# DATASET RECORDS
========================================
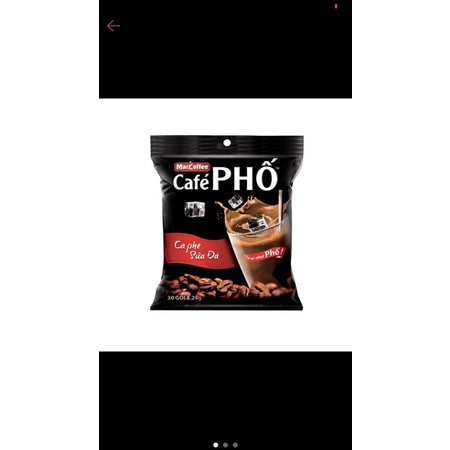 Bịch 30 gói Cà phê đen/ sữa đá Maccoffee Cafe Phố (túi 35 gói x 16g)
========================================
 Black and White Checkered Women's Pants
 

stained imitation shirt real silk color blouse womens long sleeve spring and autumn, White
========================================
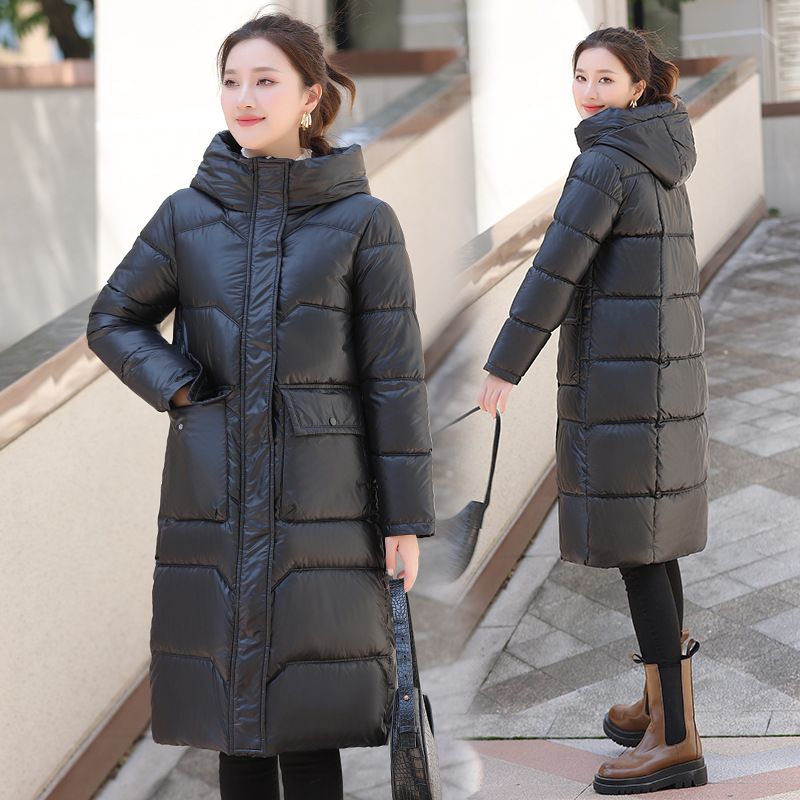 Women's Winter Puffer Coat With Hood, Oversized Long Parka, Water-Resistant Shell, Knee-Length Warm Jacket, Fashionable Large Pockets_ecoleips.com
========================================
# YOUR TASK
In the listing above, find the line with "Black and White Checkered Women's Pants" and the line with "stained imitation shirt", then print exactly those two lines and every line between them, and nothing more.

# ANSWER TO THE EXERCISE
 Black and White Checkered Women's Pants
 

stained imitation shirt real silk color blouse womens long sleeve spring and autumn, White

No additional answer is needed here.